> **MATERIAL PROVIDED**:
▬▬▬▬▬▬▬▬▬▬

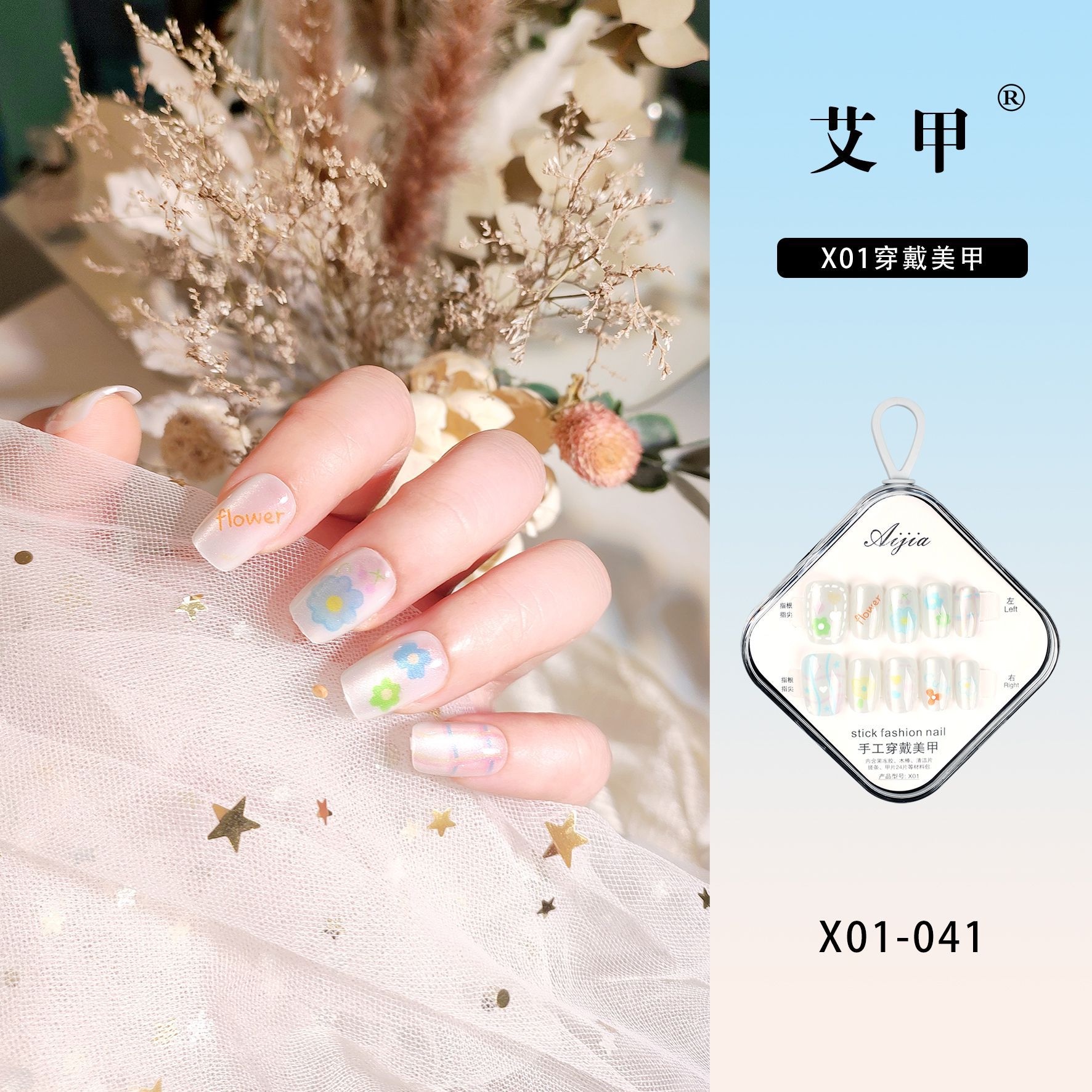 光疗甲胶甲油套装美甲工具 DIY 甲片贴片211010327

▬▬▬▬▬▬▬▬▬▬

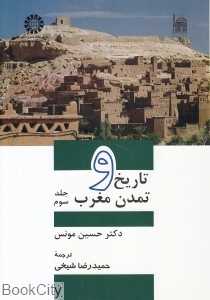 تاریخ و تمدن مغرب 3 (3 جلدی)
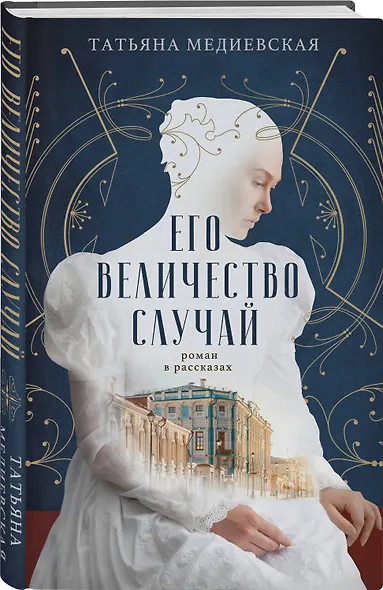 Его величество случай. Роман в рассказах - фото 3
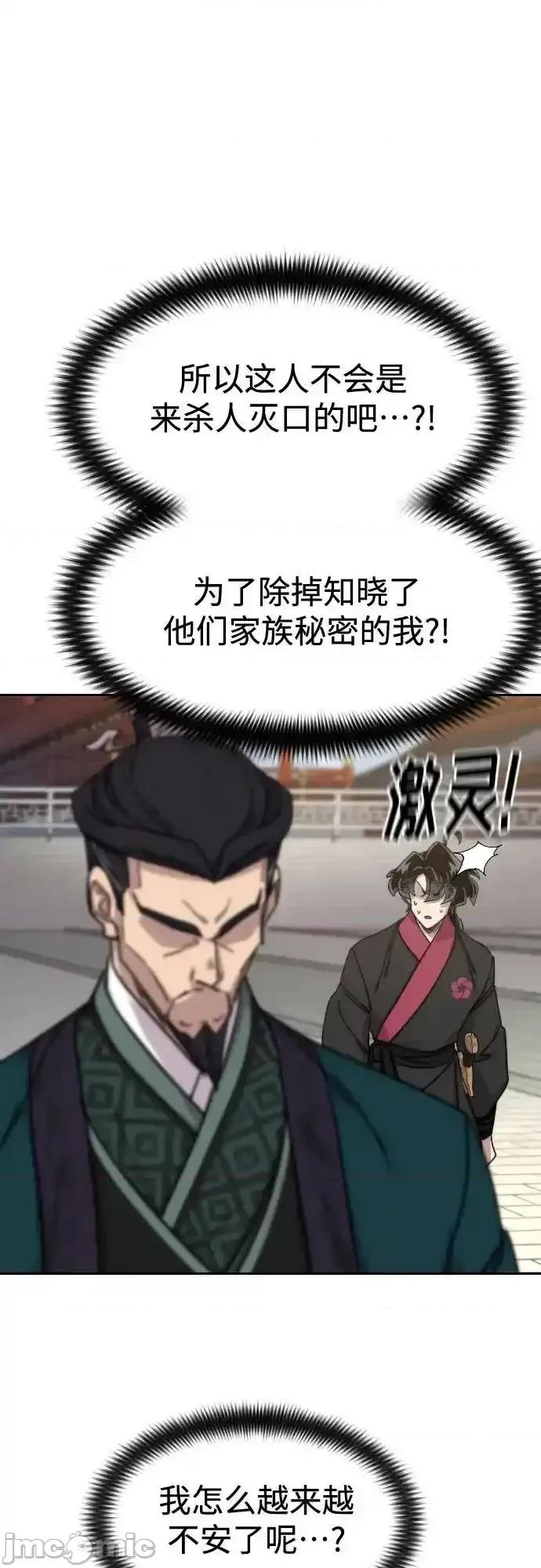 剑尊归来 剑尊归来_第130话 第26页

▬▬▬▬▬▬▬▬▬▬

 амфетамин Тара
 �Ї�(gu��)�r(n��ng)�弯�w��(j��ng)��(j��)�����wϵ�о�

▬▬▬▬▬▬▬▬▬▬

> **TO DO**: Your reply should hold nothing but the lines above, from the one containing "Его величество случай." to the one containing "剑尊归来 剑尊归来_第130话 第26页", reproduced exactly minus the pictures.

> **TASK SOLUTION**:
 Его величество случай. Роман в рассказах - фото 3
 剑尊归来 剑尊归来_第130话 第26页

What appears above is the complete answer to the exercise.